É aqui que o naufrágio regressa, afirmando-se como acontecimento libertador, como coisa que nos acorda do sono hipnótico provocado por esse movimento perpétuo e sem destino. O naufrágio, ou o acidente, num sentido mais lato, como condições necessárias e inerentes aos vectores de aceleração do mundo — do barco ao avião, da luz à fibra óptica que a transporta, ou das invisíveis nuvens de dados aos hiperactivos data centers, fontes de calor que dão corpo a uma nova arte do motor —, são aquilo que nos faz parar e nos obriga a regressar ao lugar e às poéticas do lugar. Quando no dia 28 de Abril deste ano a península Ibérica ficou às escuras e tudo, ou quase tudo, parou de funcionar, não pareceu o fim de um mundo, mas o princípio de alguma outra coisa. Durou pouco tempo, mas nessas horas, entre a manhã e o princípio da noite, naufragámos na nossa própria realidade e, de repente, voltámos a ter ruas, bairros e vizinhos, voltámos a ter lugares, portanto. A rádio regressou da sua pré-obsolescência e, por algumas horas, tivemos os pés assentes no chão. Tanto que eu regressei a casa caminhando horas a fio sobre a linha de comboio, o trajecto mais curto em direcção a casa e a melhor forma de não me perder durante a viagem.  Ao princípio da noite, como num sonho que termina abruptamente, voltámos a entrar em movimento e perdemo-nos de novo no espaço entre as coisas.

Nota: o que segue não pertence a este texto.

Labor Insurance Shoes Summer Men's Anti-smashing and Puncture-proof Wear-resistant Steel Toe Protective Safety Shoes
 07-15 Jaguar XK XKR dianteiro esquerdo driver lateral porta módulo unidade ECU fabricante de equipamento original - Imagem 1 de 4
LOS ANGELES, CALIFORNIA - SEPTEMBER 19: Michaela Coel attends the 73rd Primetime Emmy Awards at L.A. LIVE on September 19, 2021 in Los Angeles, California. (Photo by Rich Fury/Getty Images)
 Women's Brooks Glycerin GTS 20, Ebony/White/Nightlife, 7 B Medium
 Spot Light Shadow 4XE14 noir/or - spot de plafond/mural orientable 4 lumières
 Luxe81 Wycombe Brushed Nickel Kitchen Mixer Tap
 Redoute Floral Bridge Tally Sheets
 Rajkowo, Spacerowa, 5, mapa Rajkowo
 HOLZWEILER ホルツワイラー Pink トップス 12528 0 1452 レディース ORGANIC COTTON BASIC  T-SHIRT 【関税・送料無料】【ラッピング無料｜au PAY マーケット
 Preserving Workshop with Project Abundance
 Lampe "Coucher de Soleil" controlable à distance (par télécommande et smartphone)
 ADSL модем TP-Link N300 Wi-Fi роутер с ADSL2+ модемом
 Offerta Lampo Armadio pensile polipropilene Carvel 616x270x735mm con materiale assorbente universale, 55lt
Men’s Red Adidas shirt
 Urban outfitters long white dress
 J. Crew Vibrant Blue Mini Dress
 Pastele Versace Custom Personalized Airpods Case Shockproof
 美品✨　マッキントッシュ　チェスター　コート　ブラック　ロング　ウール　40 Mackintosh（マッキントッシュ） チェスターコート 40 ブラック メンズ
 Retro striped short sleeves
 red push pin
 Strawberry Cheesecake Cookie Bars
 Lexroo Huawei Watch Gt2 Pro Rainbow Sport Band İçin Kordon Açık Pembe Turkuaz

É por isso que, desviando as palavras de Fernando Pessoa ou de Caetano Veloso[1], devemos dizer naufragar é preciso, naufragar é preciso para descobrir o mundo e as suas coisas, é preciso naufragar para viver plenamente, para continuar em movimento.

Miguel Leal

Berlim, 30 de Junho de 2025


[1] Navigare necesse, vivere non est necesse são palavras atribuídas ao General Romano Pompeu Magno, ao incentivar os seus marinheiros a cumprir o seu destino e a sua missão, numa formulação heróica e trágica que nos interessa desviar.